Пришел Сенечка в деревню попариться. У вдовы Агафьи городил плетень, так обещала пустить в баню.
На дворе суббота. Все идут — кто с реки, кто на реку — все с березовыми вениками. Бергал тоже наломал дорогой лохматых веток. Заглянул в проулок, а на речке шум стоит. По берегу курные баньки паром исходят от жару. В отворенные низкие дверцы мечутся красные фигуры, прямо от каменки да в ледяную воду. Вон под мостком, по пояс в плещущей валом струе, стоит разомлевший Хрисанф. Сенечка присел было за прясло, да тот уже увидел, окликнул его:
— Подходи под мостки-то попариться. Жжет тут, парень. Сверху и снизу калит.
— Может, мне и каменка найдется? — огрызнулся Бергал, выходя на ярочек.
Хрисанф плеснул воды на грудь и густо крякнул.
— К Агафье што ли? Та-ак.
Он подряд три раза окунулся и, спотыкаясь на гладко обточенных гальках, выбежал на берег. Бергал уже спустился к нему и присел. Его небольшая фигурка казалась бугром рухляди, прикрытой рваным зипуном да тяжелой бурой шапкой, из которой лезло во все стороны перо. Хрисанф стоял перед ним, напяливая белую рубаху, огромный и сильный. Одеваясь, он искоса взглядывал на Сенечку и никак не решался сказать того, о чем давно уже болтали на деревне, а тот повертывал в руках длинную красную гальку, внимательно разглядывая на ней каждую крапинку, словно делал что-то неотложно-нужное, потом с силой отшвырнул ее, вскочил и пошел.
Хрисанф собрался с духом.
— Вот што, Сенечка! Слышь!
Бергал вернулся.
— Ну, рассказывай. Каменка стынет.
— Вот што, парень… — сам застегивает пуговку у ворота и опять молчит.
— Ну?
— К тебе на гору с деревни ветром не напахивает?
Бергал испытующе прищурил глаз.
— Бывает случаем.
— Слышал, значит?
— Много слышу, еще больше вижу, с горы-то способнее.
— Та-ак. На казачий пикет, видно, весточку послал?
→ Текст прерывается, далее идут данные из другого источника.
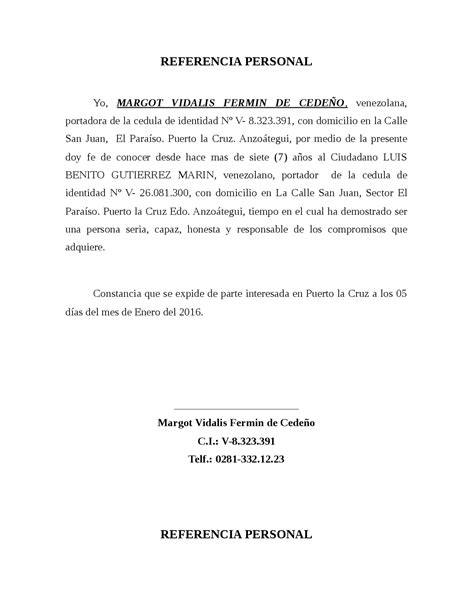 Modelo De Carta De Recomendacion Personal Nicaragua Modelo De Carta De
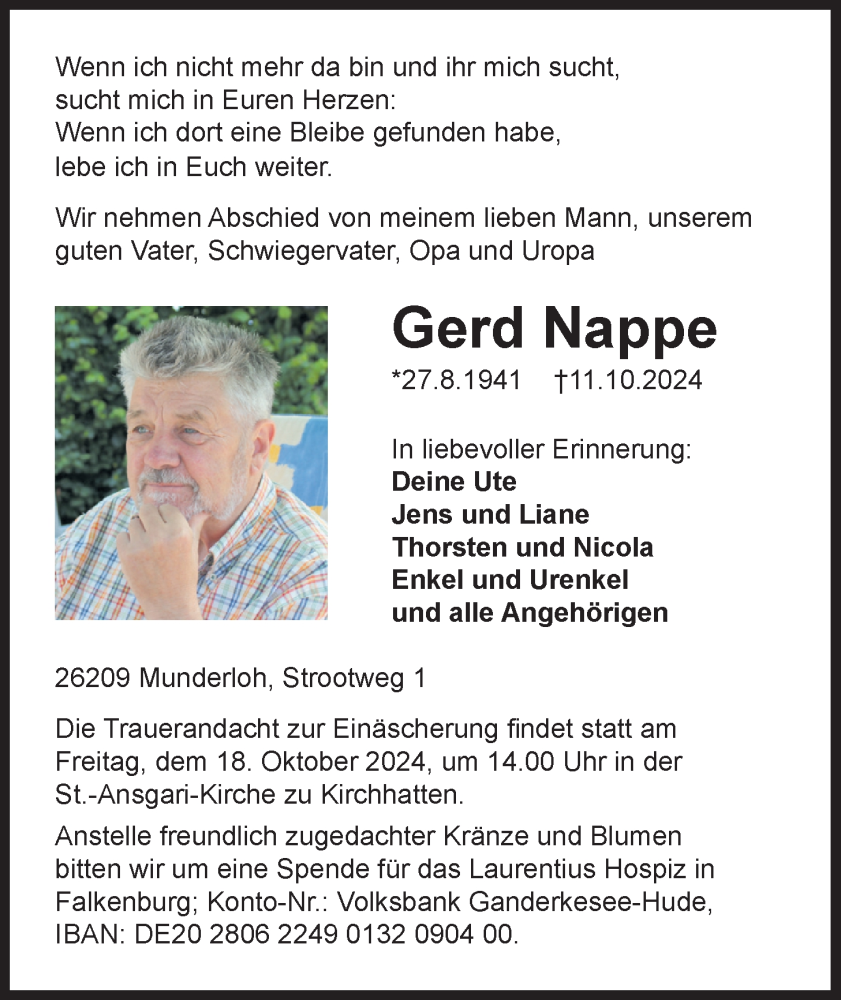  Traueranzeige für Gerd Nappe vom 15.10.2024 aus Nordwest-Zeitung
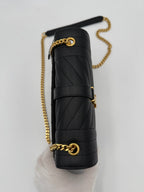 SAINT LAURENT ENVELOPE SMALL in Black Grained Leather Handbag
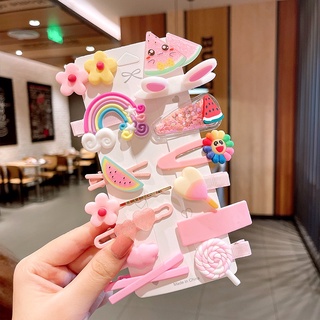 14Pcs/set Kawaii Rainbow Clipes De Pêlo Acrílico Para Bebê Menina Desenho De Frutas Animais Fofos Crianças Grampo BB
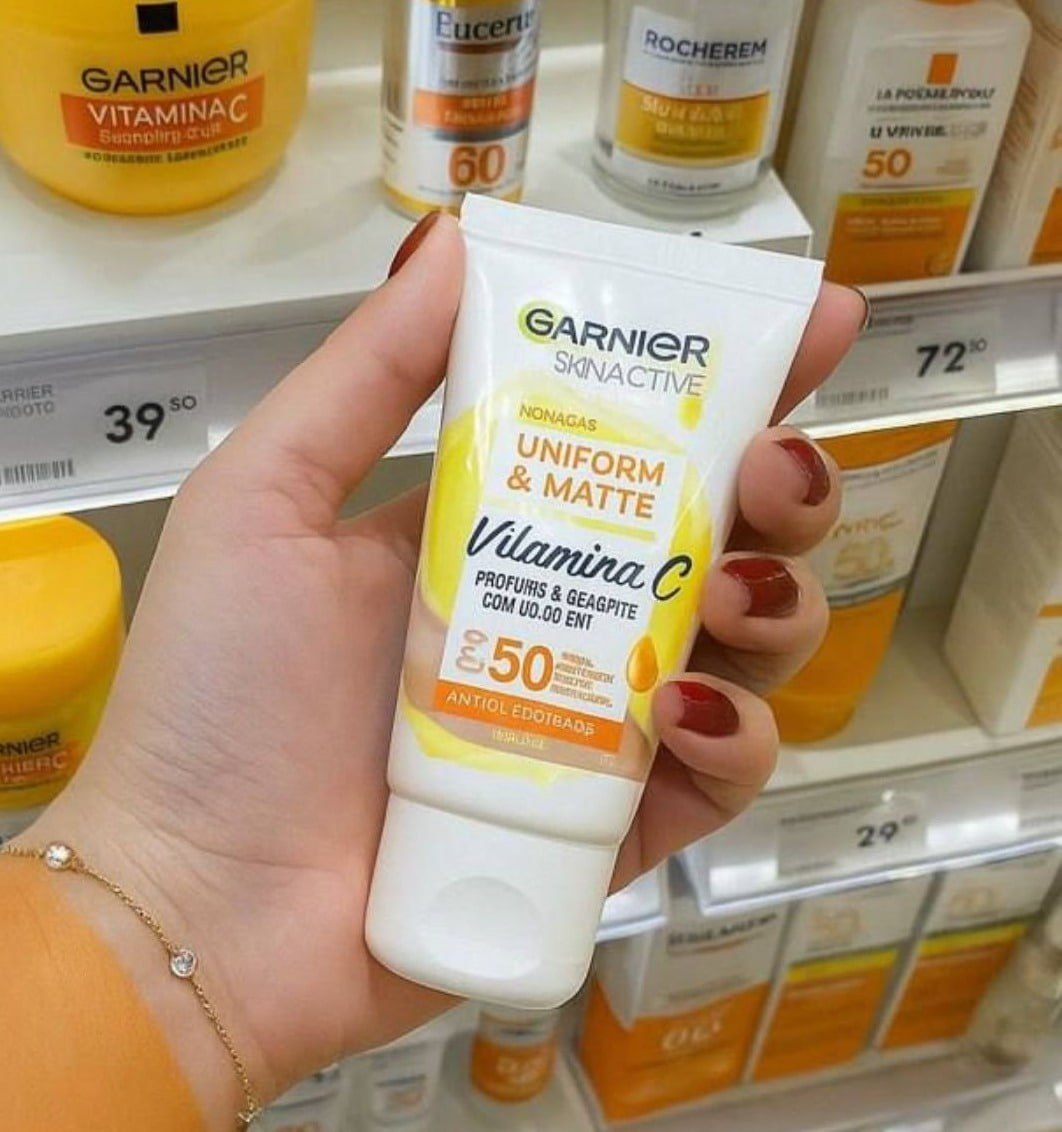 Protetor Solar Hidratante Facial com Vitamina C, Efeito Matte e Ação Redutora de Manchas, Cor Clara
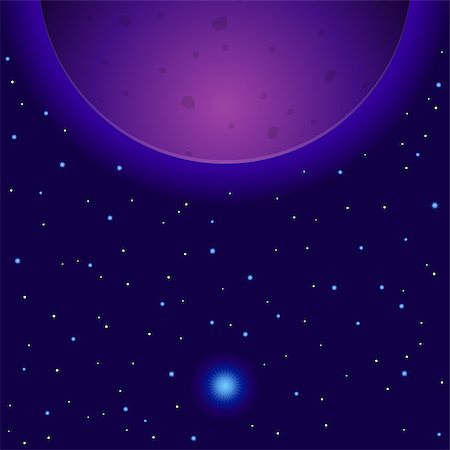 simsearch:400-09118109,k - Fantastic background, space, violet planet and sun. Vector Foto de stock - Royalty-Free Super Valor e Assinatura, Número: 400-08501010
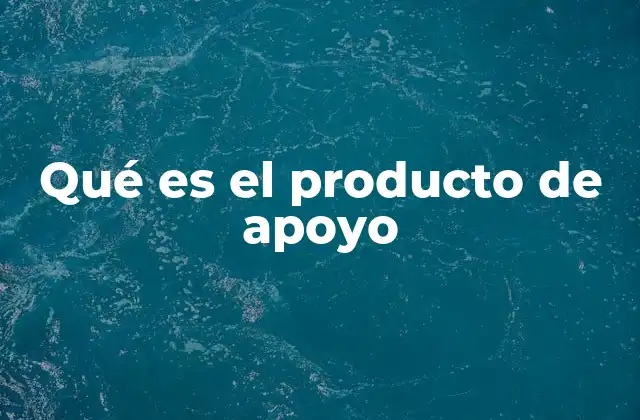 Qué es el Producto de Apoyo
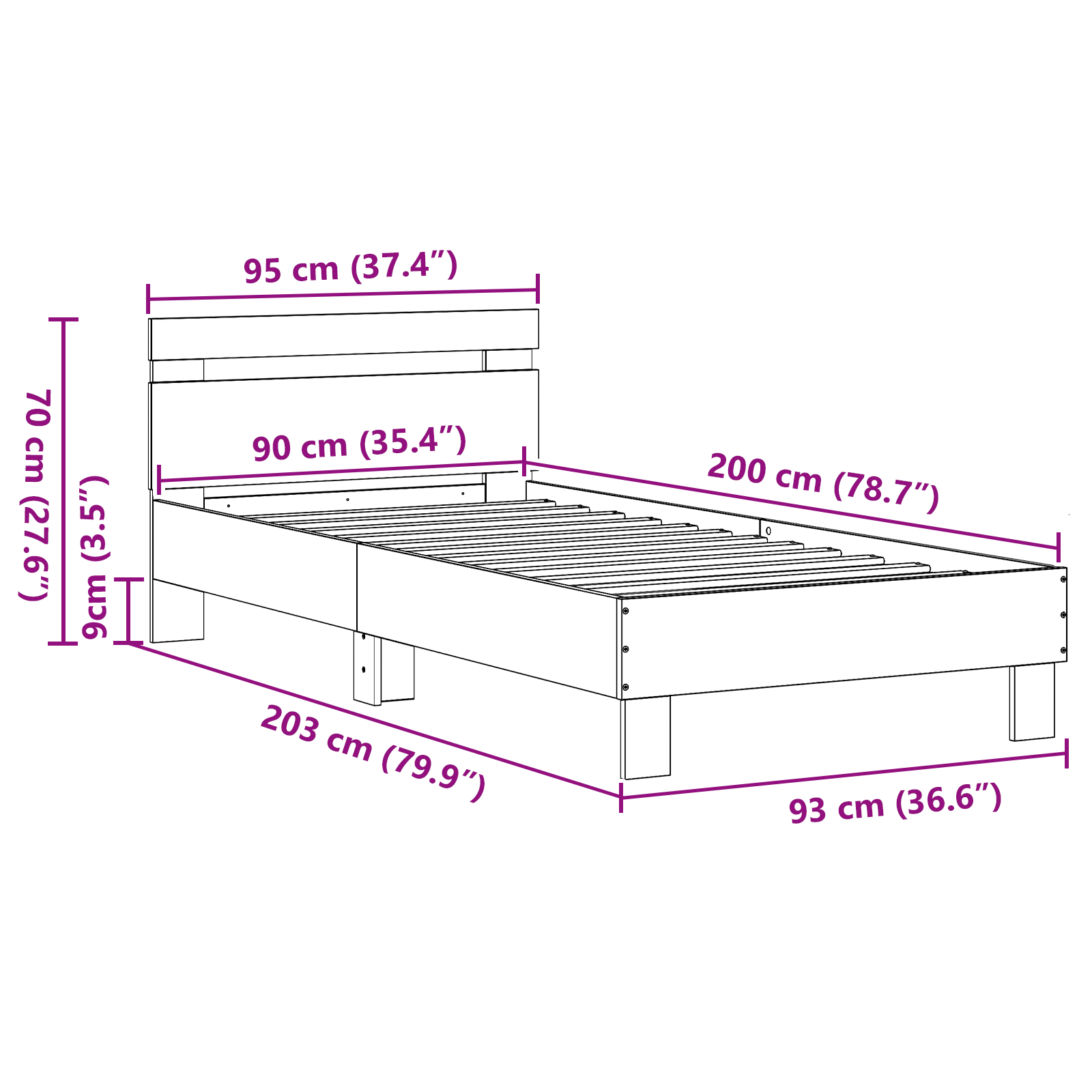 Pat Singur din Lemn Vechi Lemn Masiv Singur Durabil Rustic [11]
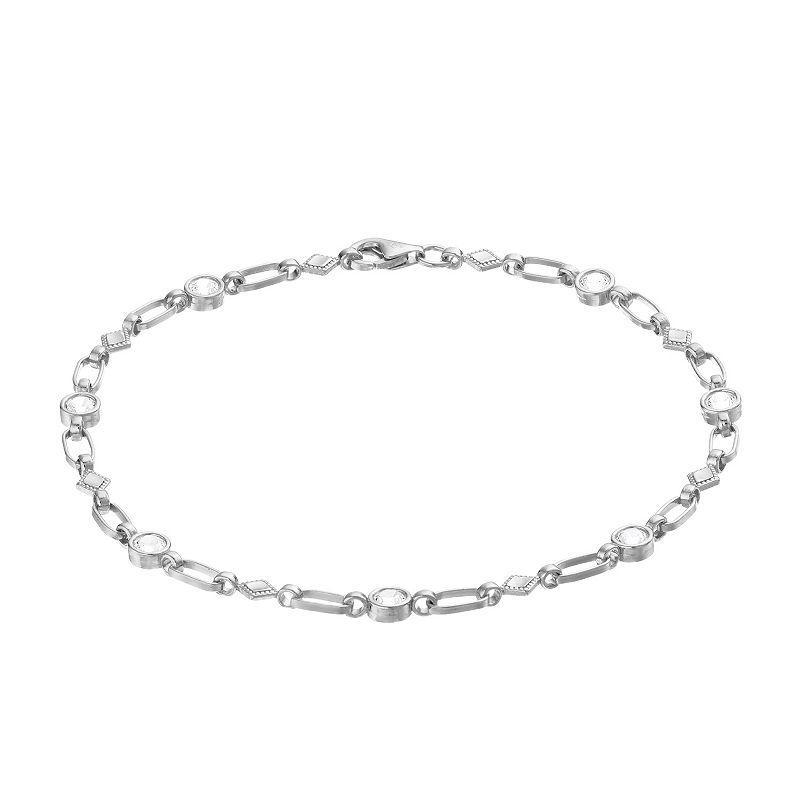 Kristen Kesho Sterling Silver Lab-Created White Sapphire Kite Link Bracelet, Womens Product Image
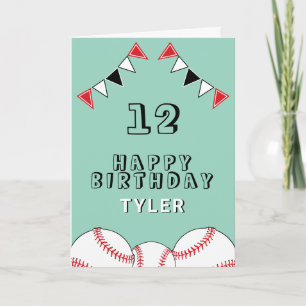 Carte Drapeaux de baseball vert Anniversaire de enfant s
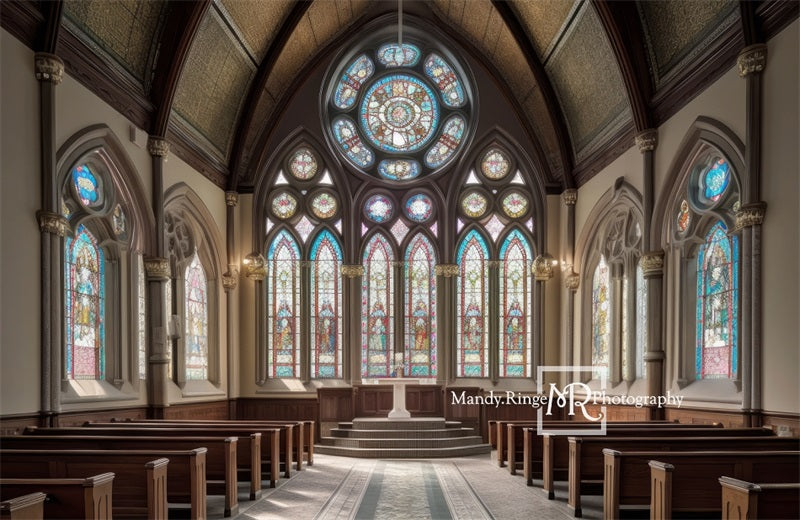 Kate Church Interior Stained Glass Backdrop Windows Designed by Mandy Ringe Photography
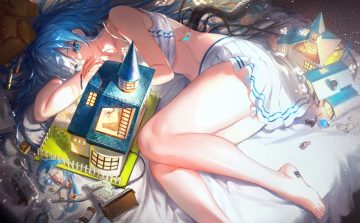 aqua eyes aqua hair barefoot doll hoojiro knife long hair navel original skirt tattoo techgirl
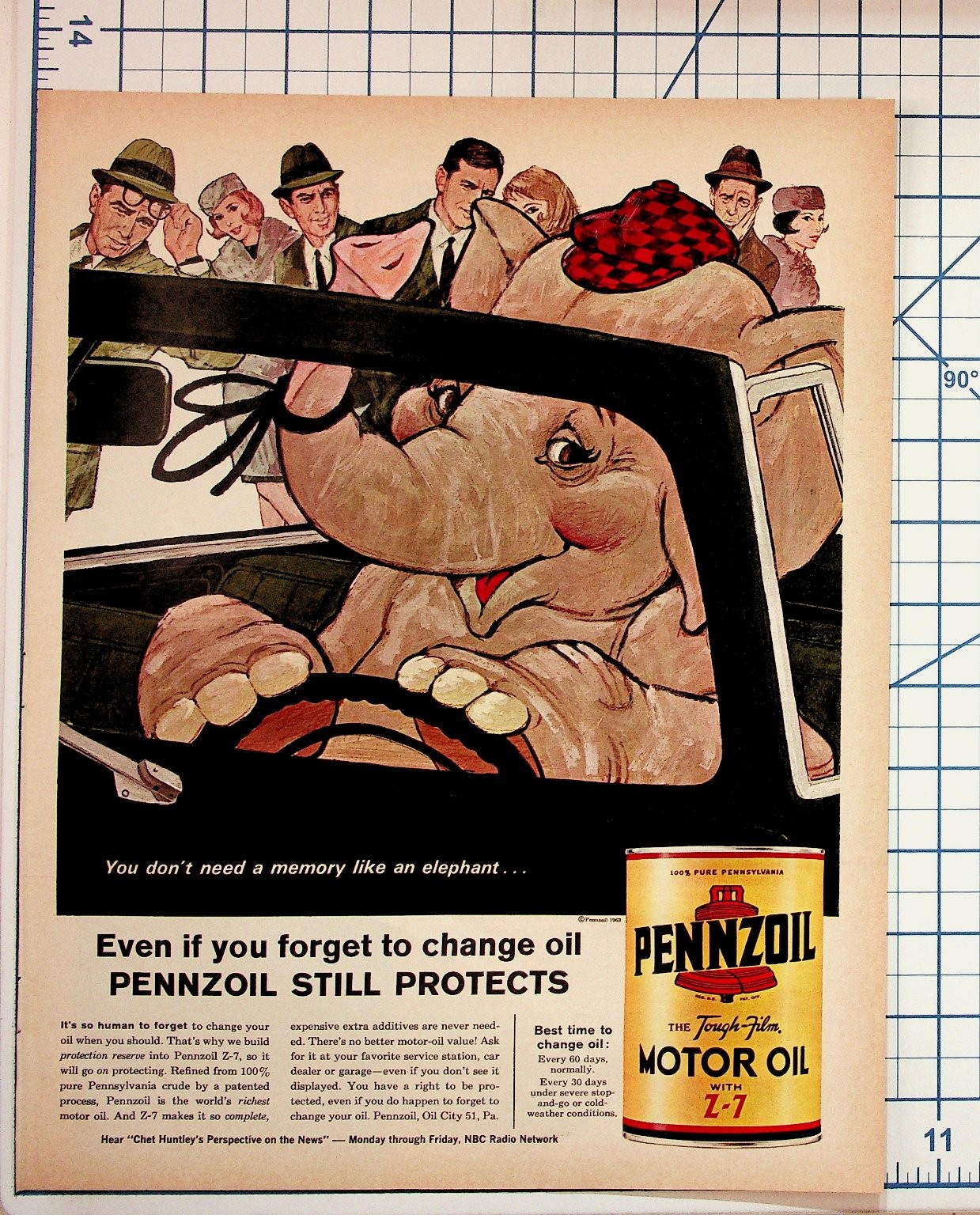 1963 Pennzoil Motor Oil Vintage Print Ad Elephant Driving Car Z-7 Auto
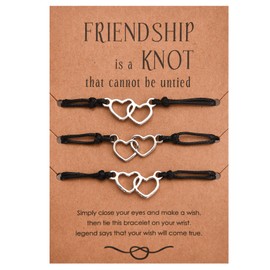 Friendship Bracelet for Girls - Best Friend Bracelet Friendship Gifts for 3 Girls, Double Heart Infinite Friendship Bracelets Gifts for Women | Bff Friendship Bracelets for Birthday Christmas Gifts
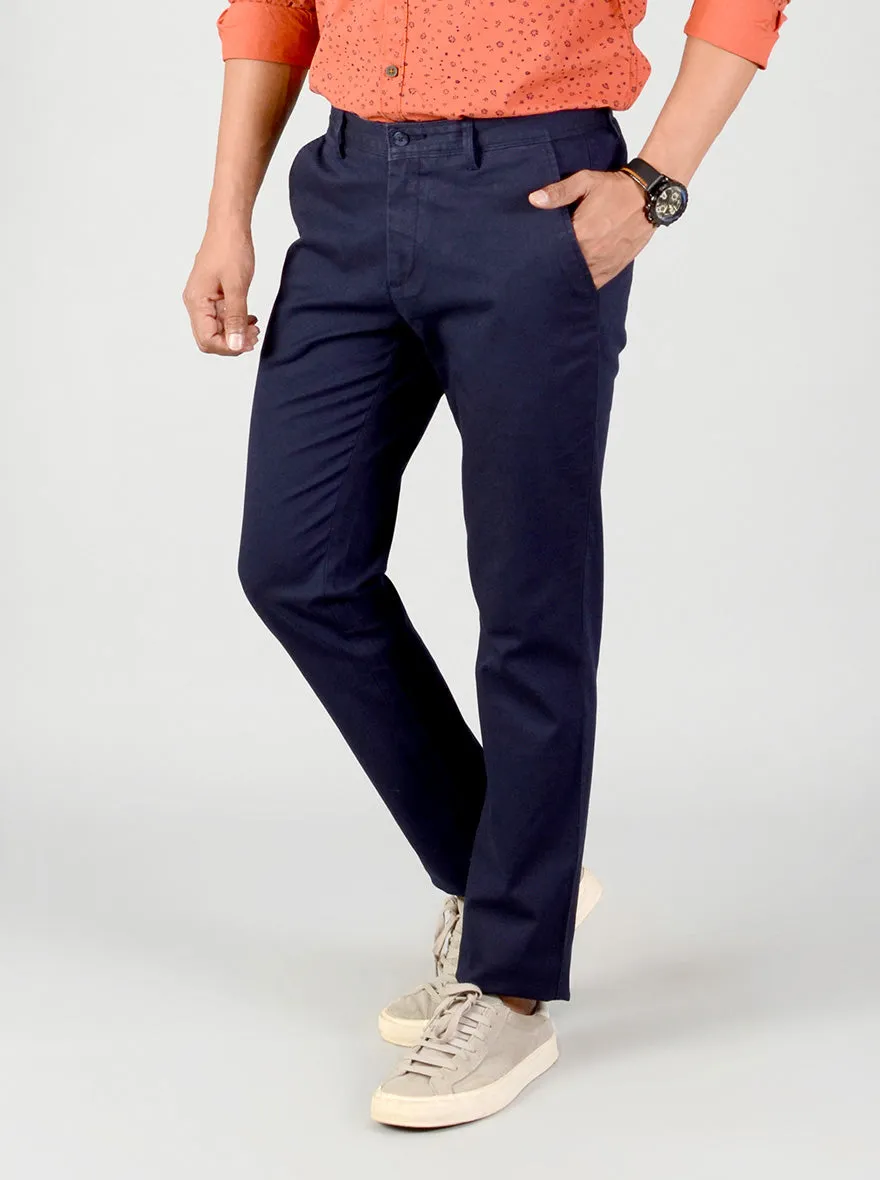 Navy Blue Self Textured Slim Fit Casual Trouser | Greenfibre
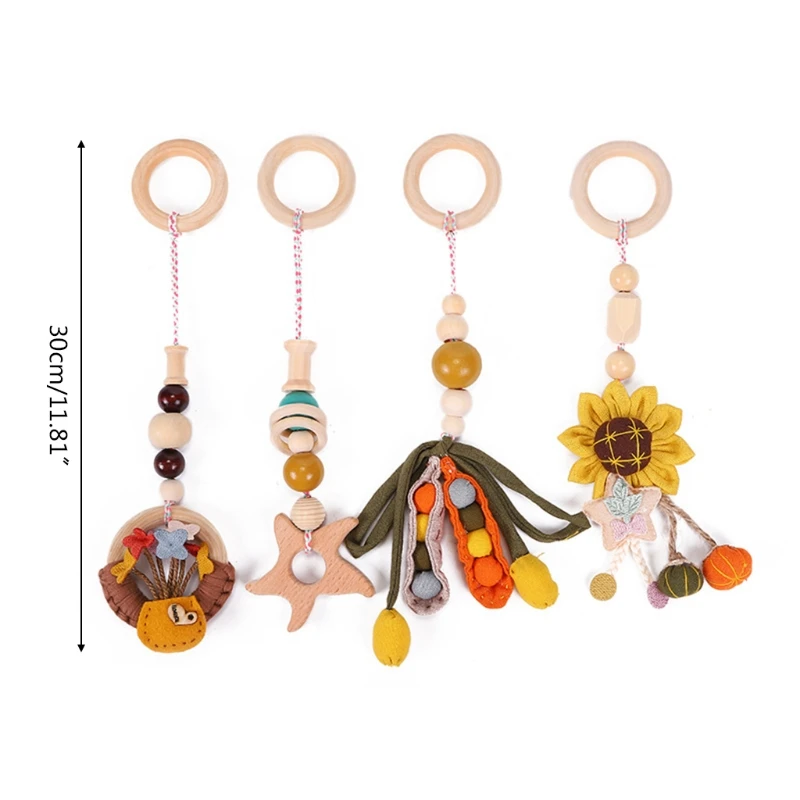 

4 Pcs/Set Baby Play Gym Frame Stroller Hanging Pendants Wooden Ring Teether Molar Teething Nursing Rattle Toys Gifts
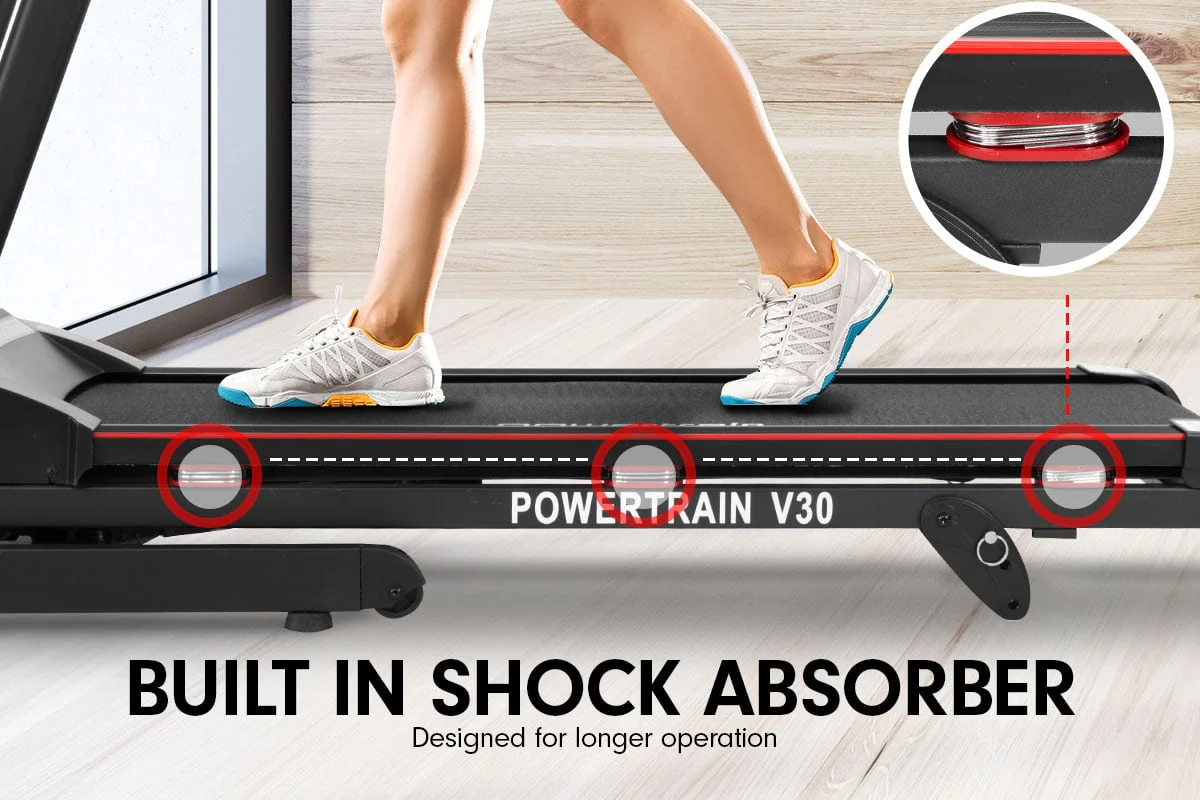 Powertrain V30 Foldable Treadmill 420mm Running Belt 14.8kmh Speed 3 Level Incline12 Programs USB AUX - Image 10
— Боле меня знаешь, пошто спрашиваешь? Пока не посыловал, а сорок мимо летает довольно. Не усмотришь за каждой.
— Брось-ка, парень!
— Чего это?
— Если хочется гулять по свету, брось. Пропадешь за гроши.
— Пошто так сердито?
— А вот так! Говорю тебе — значит надо. Мужики не попустятся. Сумленье ты нагнал большое. Сам понимаешь.
Сенечка закашлял от смеху. А Хрисанф одним шагом подвалился вплотную и дохнул ему в самое лицо такой злобой, что в спине зазнобило:
— Д-дымом пустим! Против миру не ходи.
Бергал отступил и насупился.
— Не пужай, Хрисанф Матвеич. Меня этим не возьмешь: самого боятся.
Он оглянулся на деревню и перекинул веник под другую руку.
— Не тем зельем лечить меня взялся… Коней-то видел моих? Телом шелковы, а жилы — проволока. Не устанут, небось, впереди пойдут.